INPUT DATA START

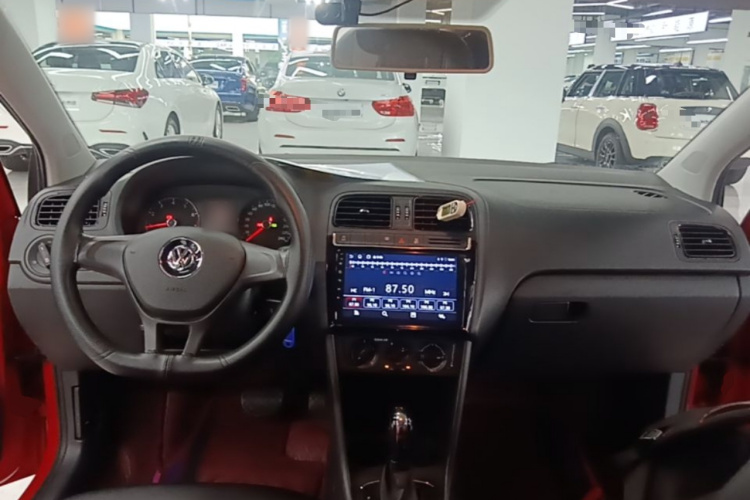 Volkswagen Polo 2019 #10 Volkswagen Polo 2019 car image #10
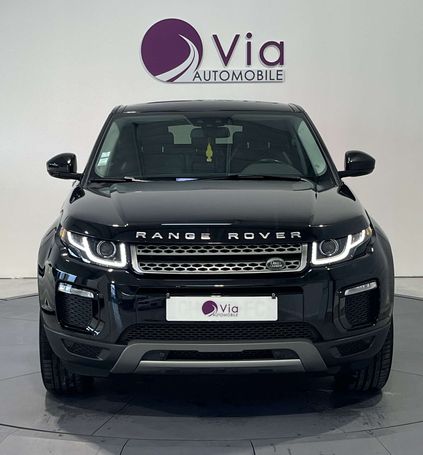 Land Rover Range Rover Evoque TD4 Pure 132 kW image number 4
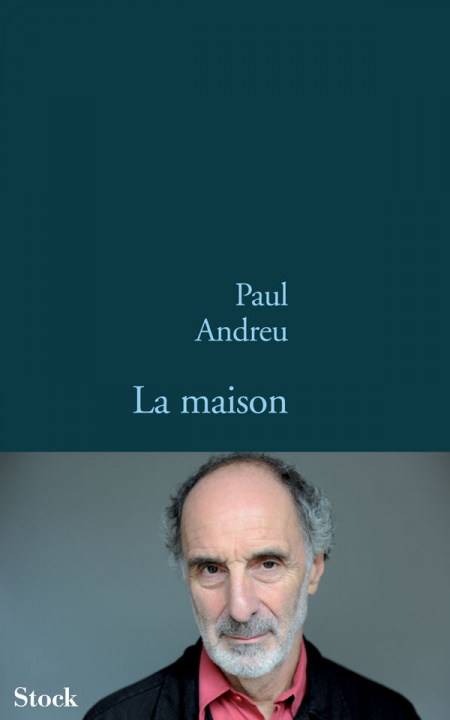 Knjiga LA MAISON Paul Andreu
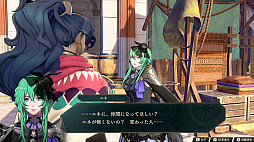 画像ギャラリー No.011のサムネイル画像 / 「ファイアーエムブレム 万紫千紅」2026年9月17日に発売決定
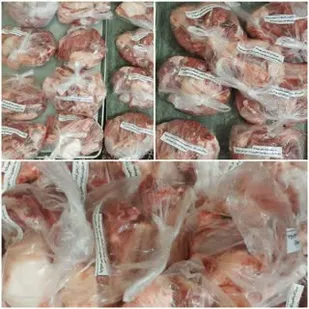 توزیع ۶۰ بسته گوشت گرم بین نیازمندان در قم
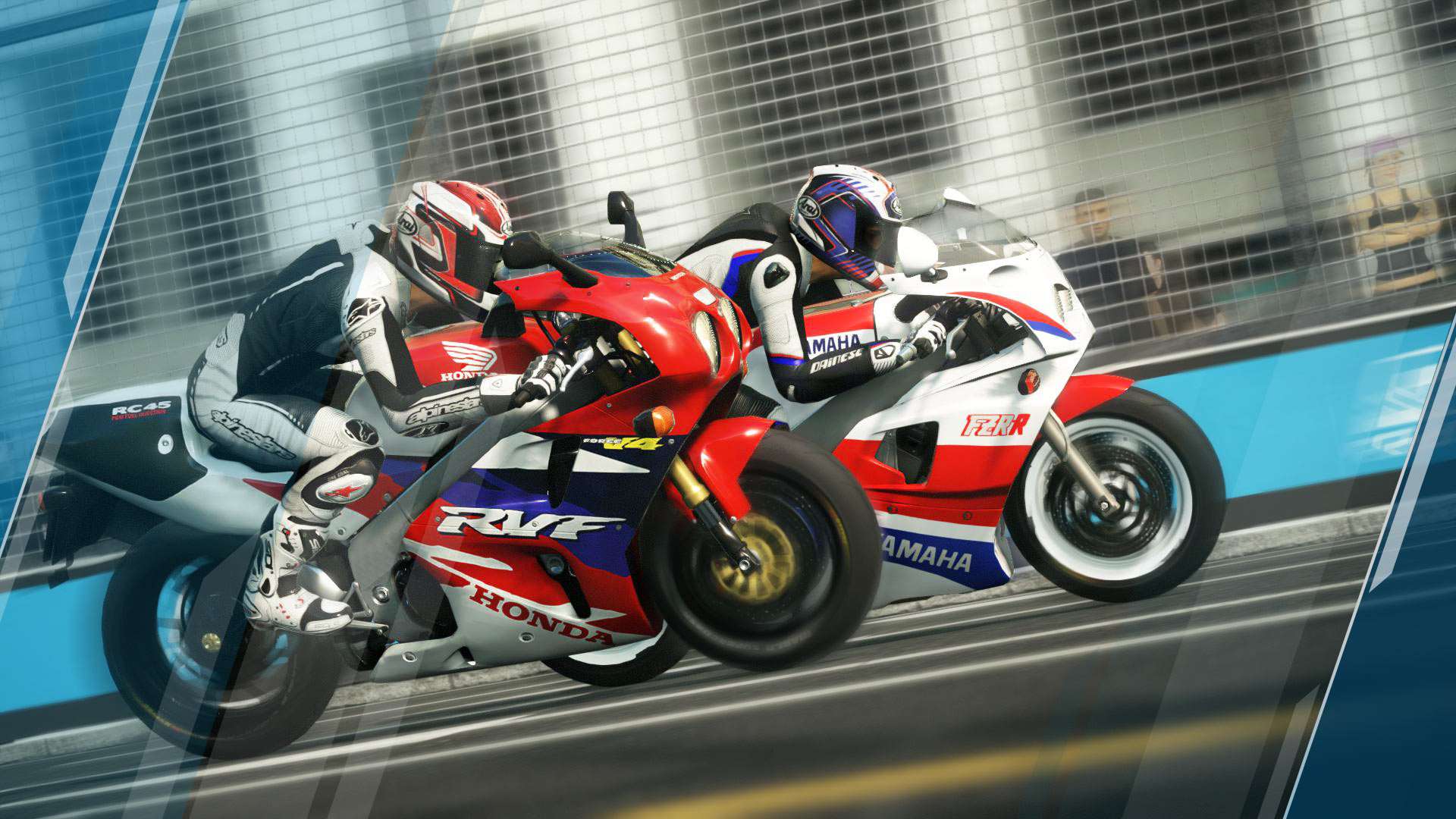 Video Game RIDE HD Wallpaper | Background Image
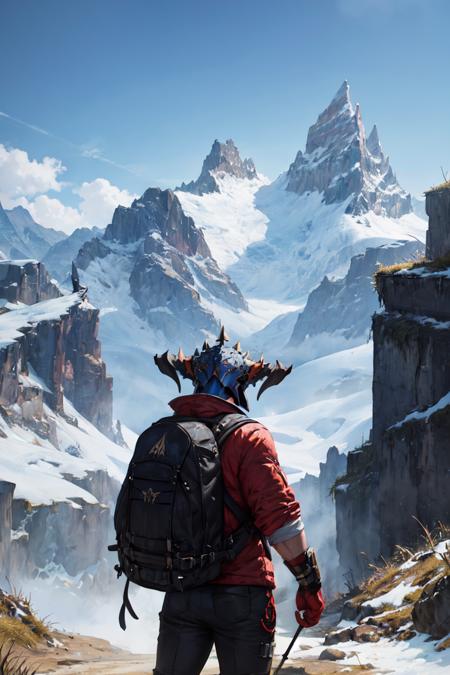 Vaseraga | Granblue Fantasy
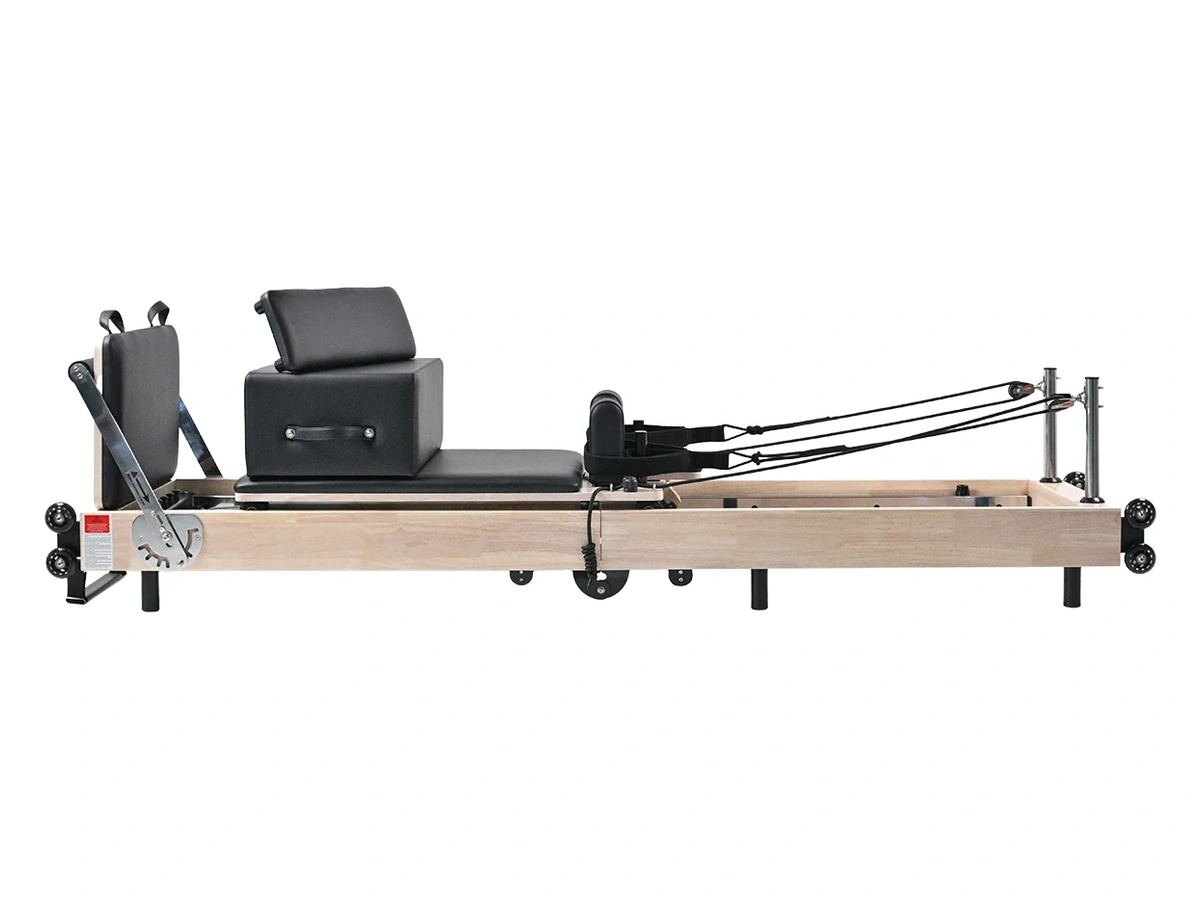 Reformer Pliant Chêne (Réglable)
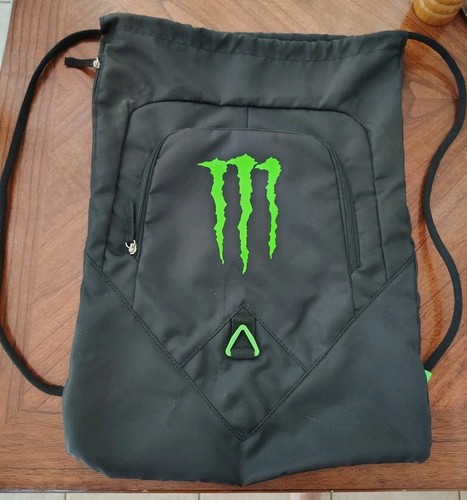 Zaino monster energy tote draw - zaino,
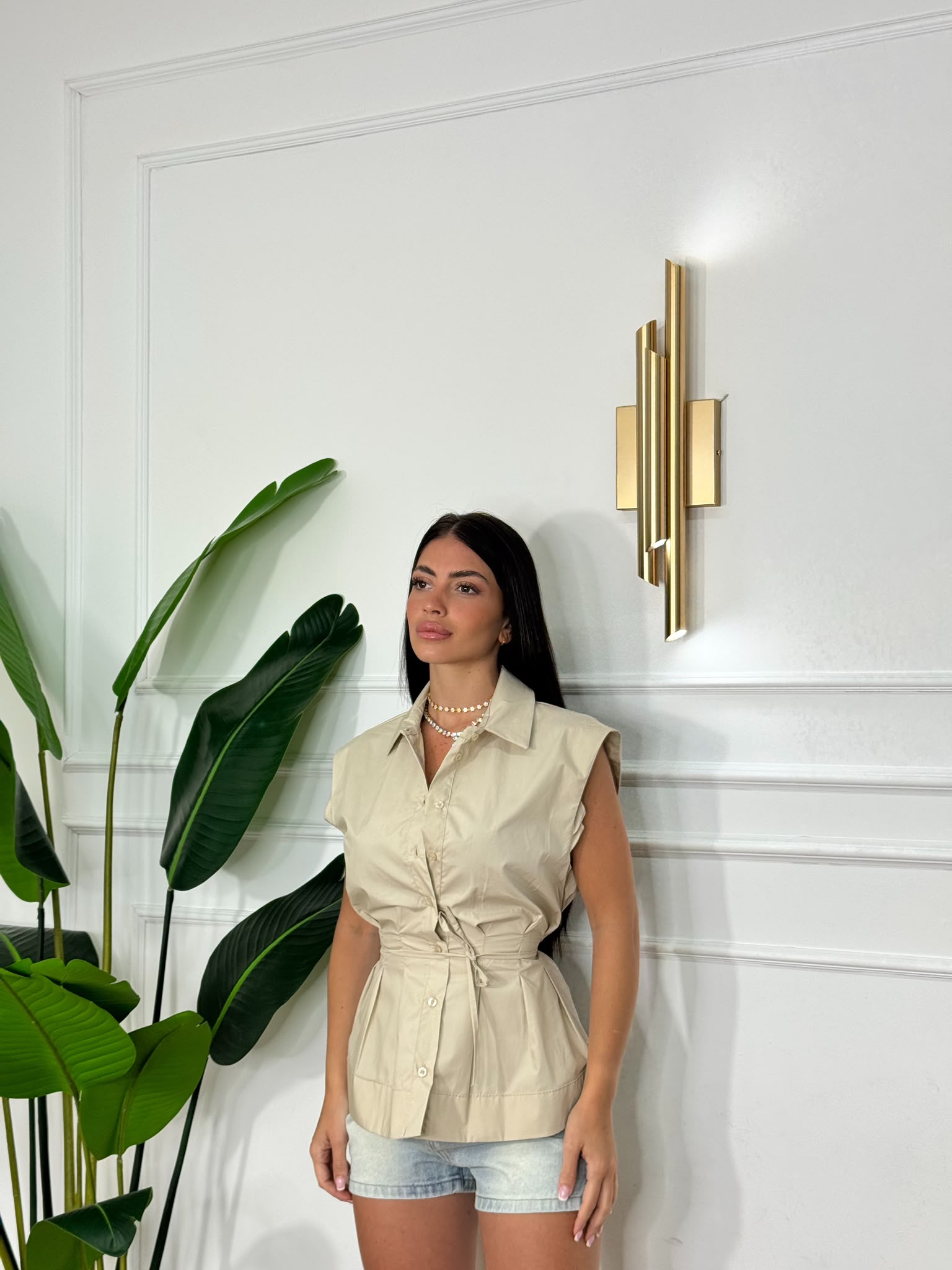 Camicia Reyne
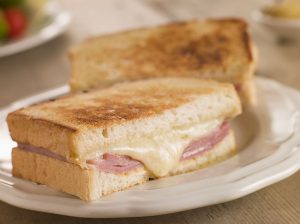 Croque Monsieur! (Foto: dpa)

INPUT DATA END

*YOUR ASSIGNMENT*:
Set down the records exactly, without the pictures.

*YOUR RESPONSE*:
 Volkswagen Polo 2019 #10 Volkswagen Polo 2019 car image #10
 Land Rover Range Rover Evoque TD4 Pure 132 kW image number 4
 Knjiga LA MAISON Paul Andreu
 画像ギャラリー No.011のサムネイル画像 / 「ファイアーエムブレム 万紫千紅」2026年9月17日に発売決定
 توزیع ۶۰ بسته گوشت گرم بین نیازمندان در قم
 Video Game RIDE HD Wallpaper | Background Image
 Vaseraga | Granblue Fantasy
 Reformer Pliant Chêne (Réglable)
 Zaino monster energy tote draw - zaino,
 Camicia Reyne
 Croque Monsieur! (Foto: dpa)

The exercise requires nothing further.